GroupBy with KeyPath in Swift 4

One of the best things of modern Swift is the introduction of KeyPath. It allows us to reference getters and setters as first class values in our code. With them you can simplify a bunch of code and make it less error prone. In this post I’m gonna evolve the groupBy function from GroupBy in Swift 2.0 to use this new functionality.

First of all let’s recap what the functionality of groupBy is.

let people = [
    Person(name: "Alex", priority: 1),
    Person(name: "Anna", priority: 1),
    Person(name: "Julian", priority: 1)
]
people.groupBy({ (l: Person, r: Person) -> Bool in
    return l.name.first == r.name.first
})
// Returns:
[
    [
        Person(name: "Alex", priority: 1),
        Person(name: "Anna", priority: 1)
    ],
    [
        Person(name: "Julian", priority: 1)
    ]
]

As you can see the groupBy function takes an array and groups it’s elements in nested arrays based on a condition given by a closure that compares two instances.

Thanks to Swift extensions we can add this functionality to the Collection protocol itself.

extension Collection {
    public func groupBy(_ grouper: (Element, Element) -> Bool) -> [[Element]] {
        ...
    }
}

The updated source code compatible with Swift 4 is available in GitHub.

Sidenote: grouping with Dictionary

Dictionary now has a generic initialiser init(grouping:by:) that allows us to group the elements of a Sequence.

Dictionary(grouping: people, by: { return $0.name.first })

This initialiser creates a Dictionary where each group is represented by a key and the values of that key are an array of all the elements on that group.

This is an interesting addition but the inconvenience is that we lose the original order of the array.

KeyPath to improve APIs

The original implementation of groupBy has the inconvenience that the given closure accepts two instances of the same object and you need to compare them.

{ (l: Person, r: Person) -> Bool in
    return l.name.first == r.name.first
}

This is the most flexible API possible as you give all the information to the caller to allow the best decision to be taken.

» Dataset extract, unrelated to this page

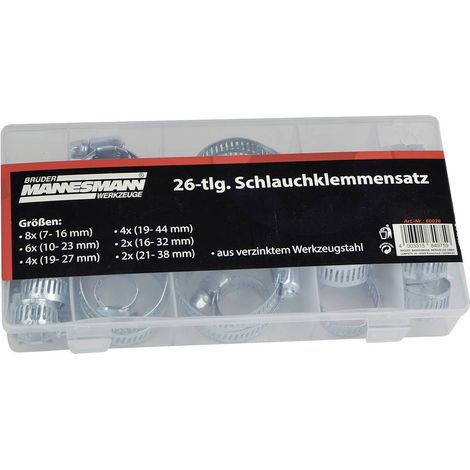 Brüder Mannesmann Collier de serrage M60026 Plage de Ø du faisceau 7 à 44 mm 1 set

But it’s also really error prone. Everytime you see code like this be careful, there is a high chance that you are comparing the same instance!

Here is where KeyPath can be of a great help. Similar to the implementation of the Dictionary initialiser, the goal is to just have to give the property that we want to group by, so we can’t make the error of comparing the wrong instances or values.

The Dictionary initialiser shows us a way, by returning in the closure the Key that needs to be used for grouping. This is also a flexible solution as it allows the caller to return an arbitrary key that it’s not even part of the elements themselves.

But for my use case I prefer the simplicity of KeyPath. I can give the groupBy function a reference to the property that I want to be grouped by. And because KeyPath can drill down the properties of an object we can easily get the first character of a String.

people.groupBy(\Person.name.first)

This call returns the same as the original one with the closure but it’s much shorter and concise. It really expresses the intention of “give me people grouped by first letter of their name”, without the fuss of closure syntax and comparisons.

Remember that you can find the source code in available in GitHub.